> Exercise objective: Retype the listing exactly, minus its pictures.

> Recorded information:
※

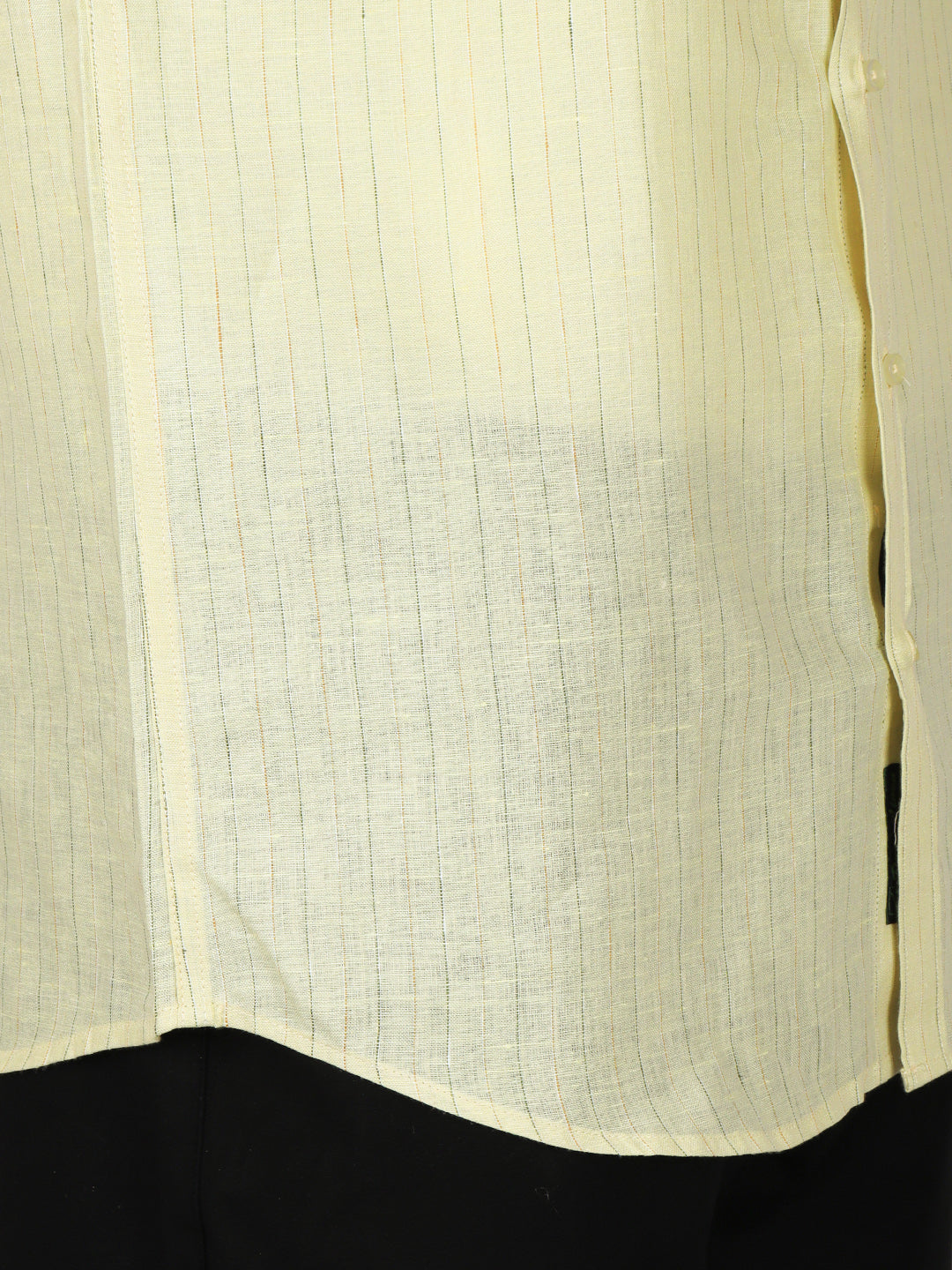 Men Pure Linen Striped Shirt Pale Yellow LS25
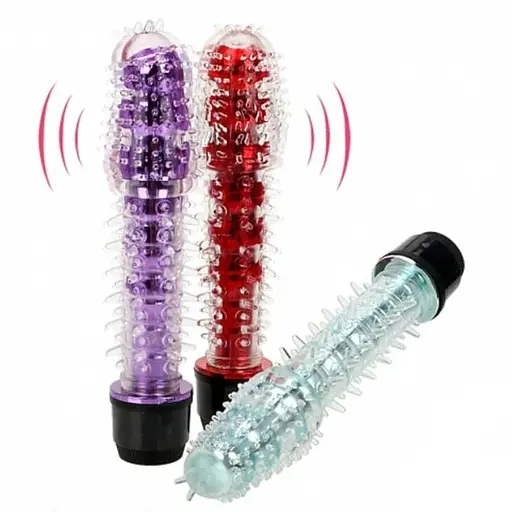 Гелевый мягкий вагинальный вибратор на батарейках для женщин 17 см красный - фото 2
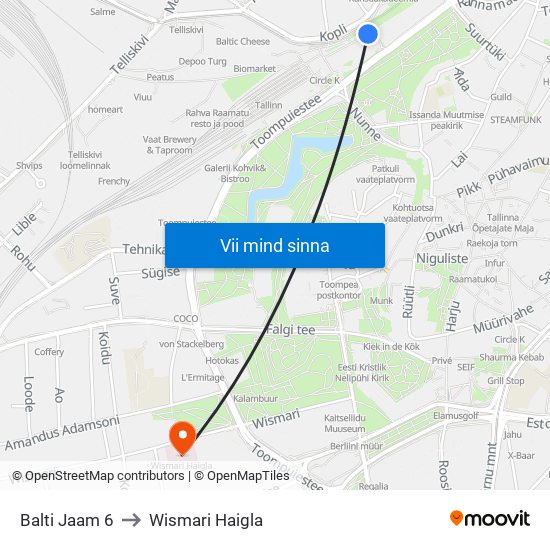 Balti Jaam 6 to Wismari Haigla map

※

> Solved problem:
 Men Pure Linen Striped Shirt Pale Yellow LS25
 Гелевый мягкий вагинальный вибратор на батарейках для женщин 17 см красный - фото 2
 Balti Jaam 6 to Wismari Haigla map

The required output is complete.